In 1981, fellow amateur Rob Adams talked me into traveling to Crater Lake National Park with him. It seems that he had read a newspaper story that said that a telescope of 24 inches aperture would be set up. I was sure that this was a misprint. I was quite skeptical while he drove his van for hours. Maybe they meant a 24 inch long telescope. Rounding the final bend after climbing through spectacular mountain vistas brought us to the visitors center. There it was - a giant 24 inch 13 foot long telescope! My astonishment was supreme. We listened to a white haired charismatic gentleman in the evening dynamically present the universe with a slide show and argue for steady state creation. Around midnight the public lines at the 18 inch and 24 inch telescopes dwindled. John Dobson was most gracious in allowing us total strangers to continue observing with the 24 inch. He had but one rule for us: point the telescope away from the rising Sun when we finished. I couldn't believe my eyes: stars where the tiniest pinpoints imaginable and there was no shakiness in the image. We observed until the rising Sun cut us off. All I could talk about on the way home was building a 24 inch scope. Rob Adams threatened numerous times to stop and throw me out of the van if I didn't quit talking! We convinced John to stop in Eugene afterwards to show off his 24 inch telescope. The scope rode on a trailer requiring a license plate. And his son was sleeping inside the 24 inch tube in the RV. His telescopes were very primitive - no drives, no bearings, no fine handcrafting, no complexity and no mirrors. The mirrors are kept in carrying cases and are slipped into the scope base on a piece of cardboard and held in place by gravity and a sling.

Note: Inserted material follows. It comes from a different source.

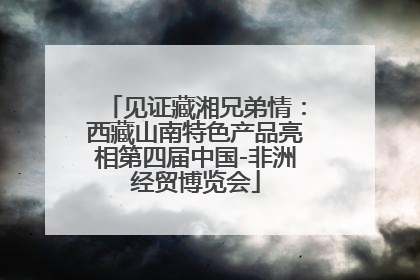 见证藏湘兄弟情：西藏山南特色产品亮相第四届中国-非洲经贸博览会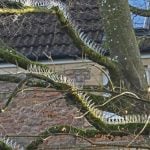 Street Furniture and the Design of Urban Belonging-Sheet5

Within a very short time, I had a 24 inch blank ordered from United Lens and was corresponding with Bob Kestner (protege of John Dobson, later the lead optician for the COBE optical fix for the Hubble Space Telescope) on grinding large thin mirrors. Years later I joined John Dobson in Seattle Washington to debug John Casino's 36 inch telescope. John has always been most gracious towards me. He attended major star parties and conducted mirror making classes in Oregon for many years. Years later I had an equal epiphany after climbing the 16 foot ladder to the eyepiece of Steve Swayze's 40 inch. Once again, in an aperture I thought impossible, stars were tiny pinpoints with steady seeing. The great lesson here is that we often prejudge telescopes that run counter to the received wisdom of the day.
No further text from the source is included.